Some of McKay's more famous ships were: Stag Hound, Flying Cloud, Sovereign of the Seas, Westward Ho!, Empress of the Seas, Star of Empire, Chariot of Fame, Great Republic, Romance of the Sea, Lightning, and Champion of the Seas. 

To the Americans the most beautifully named clipper was the William H. Webb clipper Young America though.


----------



## makko

Having read through the other posts, I too think that modern cruise vessels names are the result of market research.
The old 'passenger liners' took traditional company names (_Queen..., -ic, -ra_ or some nationalistic name (_Deutchsland, France, United States_.
As previously said, modern cruise vessels being named something like '_Romance of the Seas_ gets peoples imagination for the 'nautical experience', maybe even imagining a Cape Horn passage before the mast (with all mod cons of course and an outside balcony!).
However, what were MSC thinking with my personal favourite "Costa Fortuna"! (It appeals to the scouse sense of humour!)
Rgds.
Dave


----------



## Fairfield

Indeed, the old tongue was definitely well in the cheek for that one!!


----------



## fred henderson

Passenger shipping companies have always adopted naming policies that enable the public to identify the company’s ownership of its vessels. Cruise ships continue to follow the traditional policy. In the past however, each passenger line operated a limited number of routes, with a limited number of competitors on each route, so the name distinction only needed to apply to that route. Today the cruise market is world-wide and there are more cruise ships in service than there were traditional liners. To preserve the ship/company distinction, many cruise lines are now adding the company name as part of the ship’s name. The current naming policies of the major companies are:

*Carnival Corporation & plc:*

Aida Cruises (German) – A combination word using the company name (in upper case letters) with a German word (in lower case) expressing a quality. Example – AIDAbella

Carnival Cruise Lines (American) – A word expressing a human quality, or achievement, preceded by Carnival. Example – Carnival Valour

Costa Crociere (Italian) – An Italian word for a pleasurable experience, or a holiday destination, preceded by Costa. Example – Costa Deliziosa

Cunard Line (UK) – Names of British female monarchs. Example – Queen Victoria

Holland America Line (American, but retaining strong Dutch influence) – Dutch place names ending in “dam”. Example – Amsterdam

Ibero Cruceros (Spanish) – A new Carnival acquisition operating ships transferred from other Carnival companies and retaining the ship’s former name, but with the addition of the prefix Grand. Example – Carnival's Celebration became Grand Celebration

Ocean Village (UK) – One ship only, with a repetition of the company name. Example – Ocean Village

P&O Cruises (UK) – Traditional company names, usually ending with the letter “a”. Example – Arcadia

P&O Cruises Australia (Australian) – A word associated with holidays, preceded by Pacific. Example – Pacific Sun

Princess Cruises (American, but retaining strong UK influence) – A name appropriately ending in Princess. Example – Grand Princess

Seabourn Cruise Line (American) – A word expressing a human quality, or a journey, preceded by Seabourn. Example – Seabourn Odyssey 

*Royal Caribbean Cruise Ltd*

Azmara Club Cruises (American) – A word indicating travel, preceded by Azmara. Example – Azmara Quest

Celebrity Cruises (American, with a very faint residual Greek influence) – A word associated with astral events (with some exceptions) preceded by Celebrity. Example – Celebrity Solstice

Croisieres de France (French) – A new company with only one ship – Bleu de France – so it is too soon to identify a naming policy

Pullmantur (Spanish) – A new RCCL acquisition operating ships transferred from other RCCL companies and retaining part of the ship’s former name. Example – Empress of the Seas became Empress. No distinctive naming pattern.
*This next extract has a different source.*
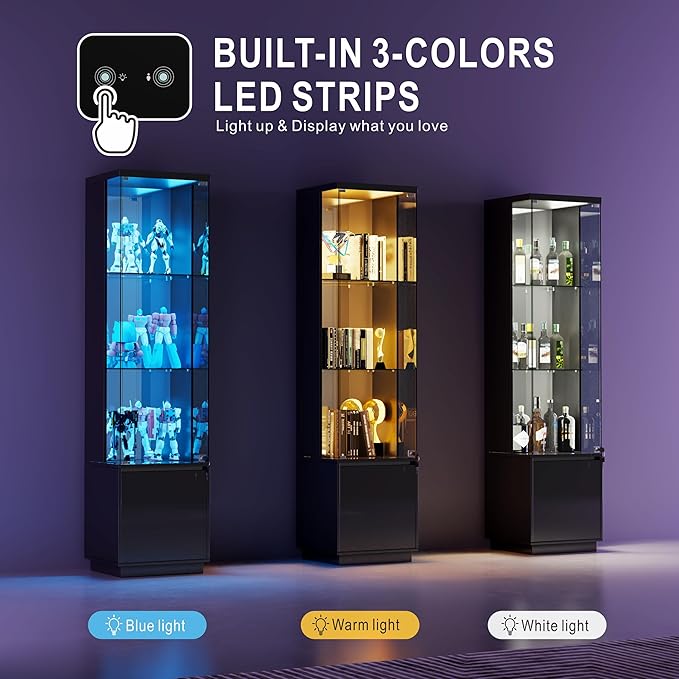 Lvifur Lockable Curio Display Cabinet with Glass Door,65" Lighted Curio Cabinet with 3 Color Lights for Collectibles,3-Tier Glass Display Case with Human Body Sensor for Living Room,Black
Royal Caribbean International (American, with a faint residual Norwegian influence) – There is a common association for the first word in the names used for each class of ship and all are followed by the words “of the Seas”. Example – Vision of the Seas

*Genting Hong Kong/Norwegian Cruise Line*

NCL America (American) – Now down to one operational ship – Pride of America

Norwegian Cruise Line (American) – Each class of ship uses associated words, but all are preceded by Norwegian. Example – Norwegian Gem

Genting Hong Kong (Malaysian) – The new name for Star Cruises. All ships are named after stars, with a prefix related to the size of the ships. Example – Superstar Aquarius is the company’s largest ship

*MSC Crociere*

MSC Cruises (Italian, owned by the Swiss, privately owned container transport line, Mediterranean Shipping Co) – Italian musical terms, preceded by the letters MSC. Example – MSC Sinfonia

Although I have given the countries where the companies are based, the ships are usually registered elsewhere. The only American company to register a ship in America is NCL America. A ship’s name cannot be duplicated on any register, although it could be used again on the register of another country, I am not aware of any cruise ship name duplication.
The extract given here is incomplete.